Cette année, encore une fois, le pouvoir central va aligner les interventions grossières, brutales et ridicules pour empêcher des jeunes qui ont suivi la majeure partie de leur scolarité en breton d’utiliser cette langue dans l’épreuve de mathématiques au BAC, en Bretagne. Encore plus ridicule quand on sait que passer son épreuve de mathématiques au BAC est possible en langue basque, mais pour les Bretons, non, vous repasserez !

L’incongruité de ce régime jacobin ne connaît pas de limites.

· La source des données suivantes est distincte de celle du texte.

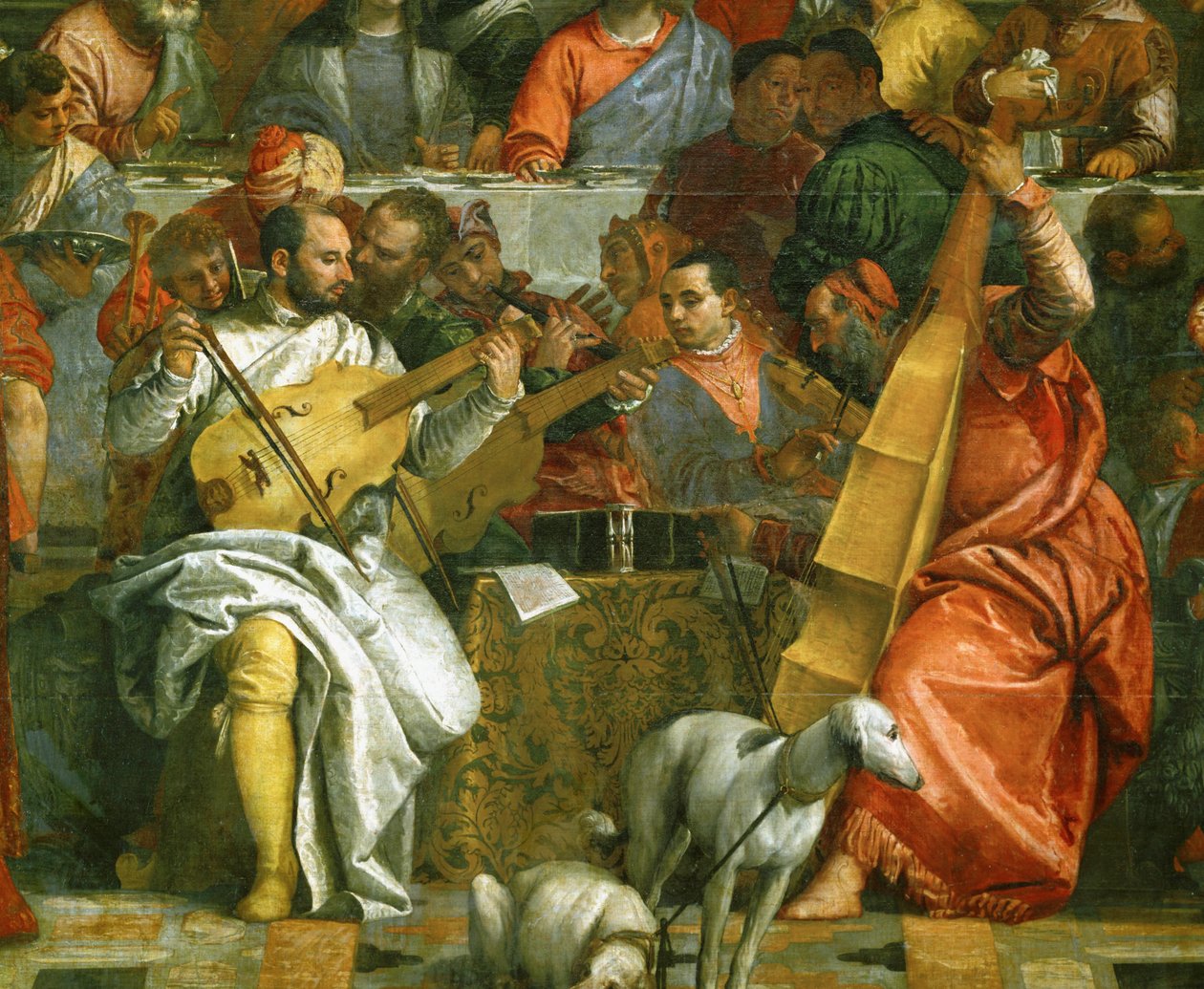 A kánai esküvő ... alkotó: (1528 88) Veronese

Le temps a beau passer, les choses n’évoluent pas, mais la supercherie identitaire profonde qu’est cette République apparaît de plus en plus, au vu surtout de ce qui se passe ailleurs en Europe, et même dans le monde.

Ainsi, ce que la République exige, c’est bien que l’on parle partout la langue des Parisiens, car le français n’est pas autre chose qu’une langue codifiée dans les salons de la « ville lumière », parfois ornementée dans les châteaux de la Loire. Une langue qui a eu besoin d’une académie, créée sous Richelieu, pour que les personnes bien nées puissent l’imposer à tous les peuples de l’hexagone. Un territoire où le français était parlé à peine par un cinquième des habitants au 18ème siècle.

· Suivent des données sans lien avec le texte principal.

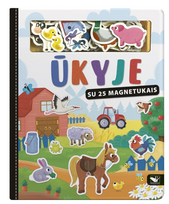 Ūkyje. Su 25 magnetukais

Cette langue est donc devenue un symbole politique, renforcé jusqu’à la vénération à la révolution, autant qu’un moyen d’échange : elle est le ciment d’une nation qui n’a pas beaucoup d’autres liens à mettre en avant, sinon un roman national trafiqué. Une langue française qui, continuant à s’imposer de force, est le dernier ciment de cette République qui ne fait plus nation depuis longtemps. D’où le zèle ridicule des jacobins systémiques de tous poils pour pourfendre tout ce qui remettrait en question le dogme des monolingues obsédés, des destructeurs d’espaces intérieurs.

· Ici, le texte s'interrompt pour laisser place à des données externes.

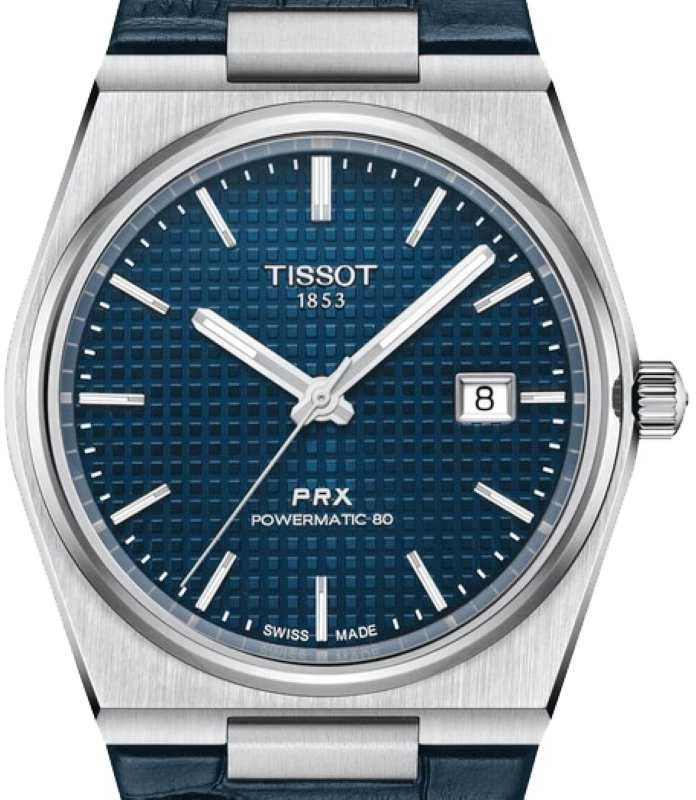 Laikrodis Tissot Prx Powermatic 80 40mm T137.407.16.041.00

Ailleurs en Europe, la Charte des langues minoritaires est presque partout appliquée, permettant à tout un chacun d’être bilingue ou trilingue au quotidien. Aux USA, une autre république « messianique » née sous les mêmes auspices que la république française, l’espagnol n’a eu aucun mal à s’imposer comme seconde langue officielle. Des USA où le navajo, une des langues originelles, est la langue la plus parlée après l’anglais et l’espagnol dans deux États, et où c’est le cas pour le français dans six États.

Alors, que doit-on faire ? Sinon faire craquer ce système vermoulu et obsolète, replié sur lui-même de façon mortifère. Ces jeunes sont la tête de pont.